Records from a data collection
^^^^^^^^
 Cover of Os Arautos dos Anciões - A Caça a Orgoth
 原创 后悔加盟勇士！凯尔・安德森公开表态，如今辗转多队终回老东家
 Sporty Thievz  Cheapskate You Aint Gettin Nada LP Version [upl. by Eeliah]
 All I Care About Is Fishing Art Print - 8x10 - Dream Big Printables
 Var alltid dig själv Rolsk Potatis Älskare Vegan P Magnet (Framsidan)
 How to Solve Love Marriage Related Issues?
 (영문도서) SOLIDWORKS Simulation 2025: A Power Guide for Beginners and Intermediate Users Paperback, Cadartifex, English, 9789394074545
^^^^^^^^
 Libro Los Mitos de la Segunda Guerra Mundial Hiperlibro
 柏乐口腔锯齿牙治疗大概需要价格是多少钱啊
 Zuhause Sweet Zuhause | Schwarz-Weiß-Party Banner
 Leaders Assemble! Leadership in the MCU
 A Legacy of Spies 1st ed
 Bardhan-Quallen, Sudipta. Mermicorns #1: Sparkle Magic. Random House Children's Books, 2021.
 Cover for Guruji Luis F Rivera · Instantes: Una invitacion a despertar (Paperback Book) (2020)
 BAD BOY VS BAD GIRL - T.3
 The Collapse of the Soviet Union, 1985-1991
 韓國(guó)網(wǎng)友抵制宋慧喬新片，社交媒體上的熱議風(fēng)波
^^^^^^^^
Instructions for the task: From the data above, say how many lines include "Cover", and write nothing but the number.

Output for this task: 2